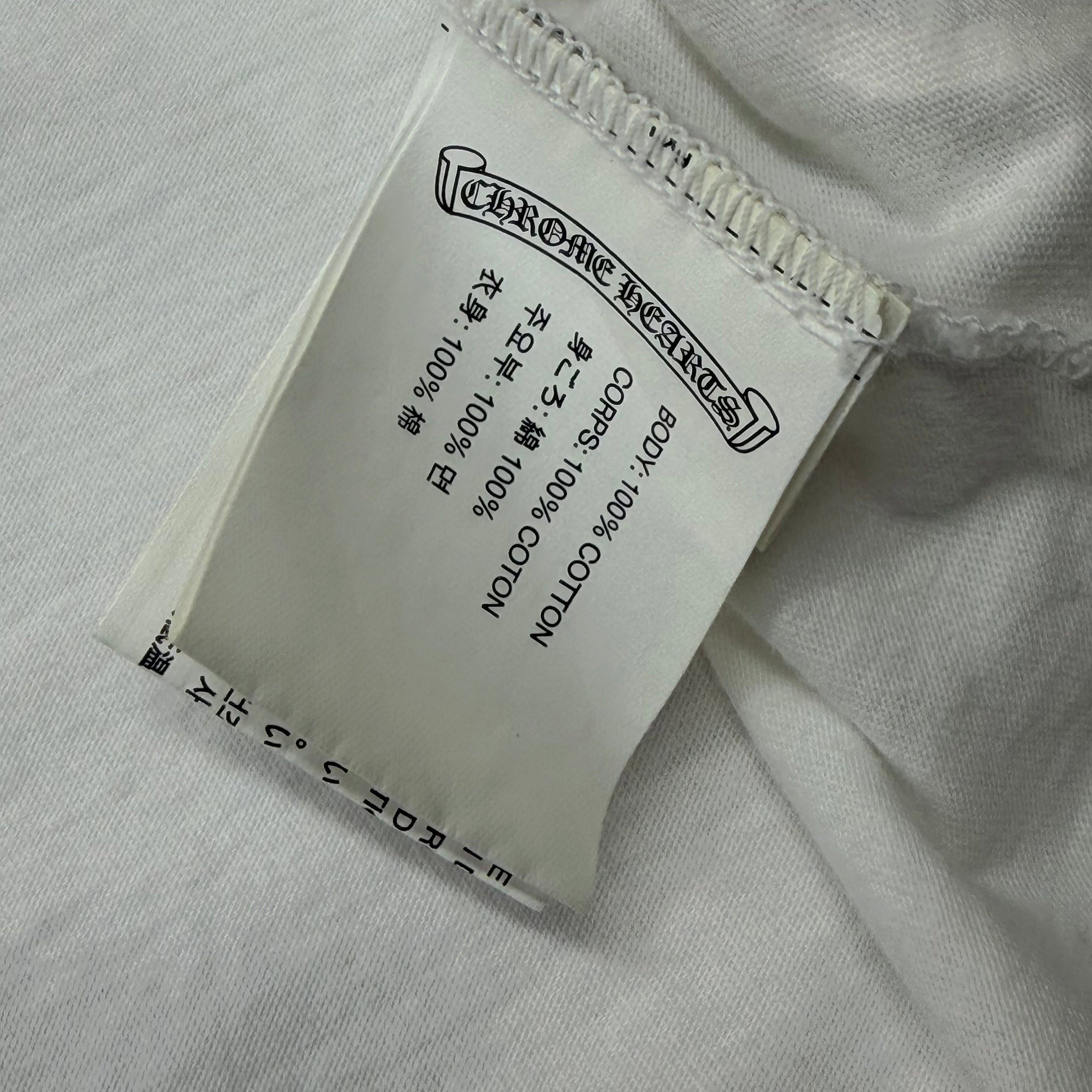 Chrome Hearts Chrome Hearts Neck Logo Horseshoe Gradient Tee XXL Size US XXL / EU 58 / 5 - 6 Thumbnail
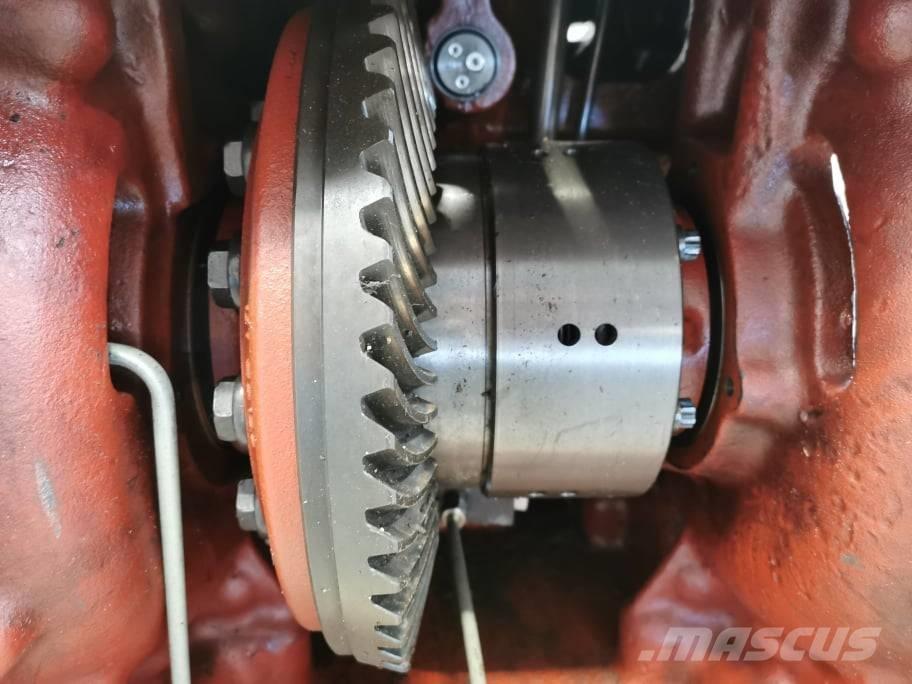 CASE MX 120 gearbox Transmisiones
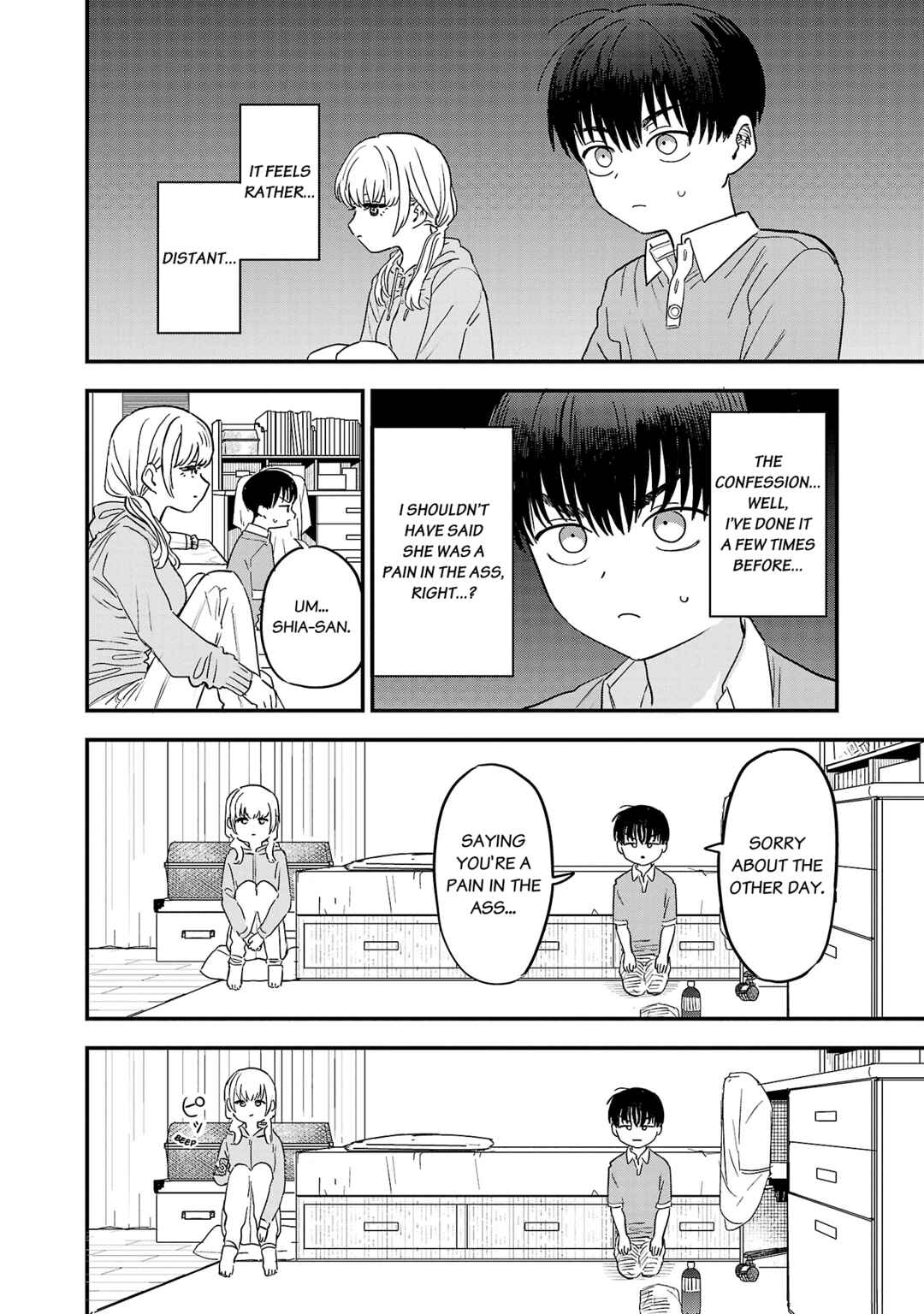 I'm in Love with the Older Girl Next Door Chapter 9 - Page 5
********
**Aim of the exercise:**
Transcribe the listing above in full. Pictures are not part of the copy.

**Solution below:**
 Chrome Hearts Chrome Hearts Neck Logo Horseshoe Gradient Tee XXL Size US XXL / EU 58 / 5 - 6 Thumbnail
 CASE MX 120 gearbox Transmisiones
 I'm in Love with the Older Girl Next Door Chapter 9 - Page 5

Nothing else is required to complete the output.